## TASK TO CARRY OUT
Print the complete set of entries exactly.

## LISTED ENTRIES
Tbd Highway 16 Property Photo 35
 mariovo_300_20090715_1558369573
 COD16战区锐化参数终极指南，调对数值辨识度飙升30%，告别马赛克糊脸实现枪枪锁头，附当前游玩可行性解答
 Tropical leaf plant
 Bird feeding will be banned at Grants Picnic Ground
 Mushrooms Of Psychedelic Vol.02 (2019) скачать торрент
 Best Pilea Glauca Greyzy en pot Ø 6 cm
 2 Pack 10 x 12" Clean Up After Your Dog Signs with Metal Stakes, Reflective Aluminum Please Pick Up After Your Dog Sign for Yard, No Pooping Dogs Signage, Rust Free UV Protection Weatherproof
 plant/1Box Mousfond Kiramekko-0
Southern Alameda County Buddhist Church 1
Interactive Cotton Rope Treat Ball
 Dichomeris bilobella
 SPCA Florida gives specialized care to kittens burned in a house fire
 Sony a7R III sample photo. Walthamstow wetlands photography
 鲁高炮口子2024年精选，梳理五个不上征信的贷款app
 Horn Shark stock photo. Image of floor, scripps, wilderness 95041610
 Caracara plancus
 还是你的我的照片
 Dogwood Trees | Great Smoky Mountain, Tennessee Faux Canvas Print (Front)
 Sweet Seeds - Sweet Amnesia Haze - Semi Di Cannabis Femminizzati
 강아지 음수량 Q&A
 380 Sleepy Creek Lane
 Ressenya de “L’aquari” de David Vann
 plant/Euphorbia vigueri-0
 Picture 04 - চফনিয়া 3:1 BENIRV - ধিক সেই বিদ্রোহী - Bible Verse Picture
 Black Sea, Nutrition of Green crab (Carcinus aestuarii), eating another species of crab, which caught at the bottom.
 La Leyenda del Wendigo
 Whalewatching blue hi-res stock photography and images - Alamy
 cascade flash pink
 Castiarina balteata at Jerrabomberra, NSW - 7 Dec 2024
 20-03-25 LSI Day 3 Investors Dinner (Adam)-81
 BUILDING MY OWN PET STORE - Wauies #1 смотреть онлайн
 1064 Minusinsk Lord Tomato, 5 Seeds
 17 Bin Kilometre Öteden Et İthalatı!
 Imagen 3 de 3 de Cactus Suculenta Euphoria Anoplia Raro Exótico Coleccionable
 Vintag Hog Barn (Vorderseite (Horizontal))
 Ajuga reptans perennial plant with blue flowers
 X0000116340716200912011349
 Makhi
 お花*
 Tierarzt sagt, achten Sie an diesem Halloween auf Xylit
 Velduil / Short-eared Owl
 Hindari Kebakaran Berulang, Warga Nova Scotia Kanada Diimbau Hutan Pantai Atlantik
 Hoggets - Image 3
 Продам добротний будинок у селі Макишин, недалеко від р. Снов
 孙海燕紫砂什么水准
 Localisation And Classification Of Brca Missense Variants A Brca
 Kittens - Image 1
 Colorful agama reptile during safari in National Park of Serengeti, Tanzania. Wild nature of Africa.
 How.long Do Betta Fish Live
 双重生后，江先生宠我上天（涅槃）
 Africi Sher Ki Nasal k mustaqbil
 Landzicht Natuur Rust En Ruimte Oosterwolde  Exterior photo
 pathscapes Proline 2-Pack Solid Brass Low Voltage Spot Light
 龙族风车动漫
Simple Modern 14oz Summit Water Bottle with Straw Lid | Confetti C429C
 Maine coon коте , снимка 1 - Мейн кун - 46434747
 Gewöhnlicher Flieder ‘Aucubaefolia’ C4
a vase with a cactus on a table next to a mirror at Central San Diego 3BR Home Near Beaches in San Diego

## EXERCISE RESPONSE
Tbd Highway 16 Property Photo 35
 mariovo_300_20090715_1558369573
 COD16战区锐化参数终极指南，调对数值辨识度飙升30%，告别马赛克糊脸实现枪枪锁头，附当前游玩可行性解答
 Tropical leaf plant
 Bird feeding will be banned at Grants Picnic Ground
 Mushrooms Of Psychedelic Vol.02 (2019) скачать торрент
 Best Pilea Glauca Greyzy en pot Ø 6 cm
 2 Pack 10 x 12" Clean Up After Your Dog Signs with Metal Stakes, Reflective Aluminum Please Pick Up After Your Dog Sign for Yard, No Pooping Dogs Signage, Rust Free UV Protection Weatherproof
 plant/1Box Mousfond Kiramekko-0
Southern Alameda County Buddhist Church 1
Interactive Cotton Rope Treat Ball
 Dichomeris bilobella
 SPCA Florida gives specialized care to kittens burned in a house fire
 Sony a7R III sample photo. Walthamstow wetlands photography
 鲁高炮口子2024年精选，梳理五个不上征信的贷款app
 Horn Shark stock photo. Image of floor, scripps, wilderness 95041610
 Caracara plancus
 还是你的我的照片
 Dogwood Trees | Great Smoky Mountain, Tennessee Faux Canvas Print (Front)
 Sweet Seeds - Sweet Amnesia Haze - Semi Di Cannabis Femminizzati
 강아지 음수량 Q&A
 380 Sleepy Creek Lane
 Ressenya de “L’aquari” de David Vann
 plant/Euphorbia vigueri-0
 Picture 04 - চফনিয়া 3:1 BENIRV - ধিক সেই বিদ্রোহী - Bible Verse Picture
 Black Sea, Nutrition of Green crab (Carcinus aestuarii), eating another species of crab, which caught at the bottom.
 La Leyenda del Wendigo
 Whalewatching blue hi-res stock photography and images - Alamy
 cascade flash pink
 Castiarina balteata at Jerrabomberra, NSW - 7 Dec 2024
 20-03-25 LSI Day 3 Investors Dinner (Adam)-81
 BUILDING MY OWN PET STORE - Wauies #1 смотреть онлайн
 1064 Minusinsk Lord Tomato, 5 Seeds
 17 Bin Kilometre Öteden Et İthalatı!
 Imagen 3 de 3 de Cactus Suculenta Euphoria Anoplia Raro Exótico Coleccionable
 Vintag Hog Barn (Vorderseite (Horizontal))
 Ajuga reptans perennial plant with blue flowers
 X0000116340716200912011349
 Makhi
 お花*
 Tierarzt sagt, achten Sie an diesem Halloween auf Xylit
 Velduil / Short-eared Owl
 Hindari Kebakaran Berulang, Warga Nova Scotia Kanada Diimbau Hutan Pantai Atlantik
 Hoggets - Image 3
 Продам добротний будинок у селі Макишин, недалеко від р. Снов
 孙海燕紫砂什么水准
 Localisation And Classification Of Brca Missense Variants A Brca
 Kittens - Image 1
 Colorful agama reptile during safari in National Park of Serengeti, Tanzania. Wild nature of Africa.
 How.long Do Betta Fish Live
 双重生后，江先生宠我上天（涅槃）
 Africi Sher Ki Nasal k mustaqbil
 Landzicht Natuur Rust En Ruimte Oosterwolde  Exterior photo
 pathscapes Proline 2-Pack Solid Brass Low Voltage Spot Light
 龙族风车动漫
Simple Modern 14oz Summit Water Bottle with Straw Lid | Confetti C429C
 Maine coon коте , снимка 1 - Мейн кун - 46434747
 Gewöhnlicher Flieder ‘Aucubaefolia’ C4
a vase with a cactus on a table next to a mirror at Central San Diego 3BR Home Near Beaches in San Diego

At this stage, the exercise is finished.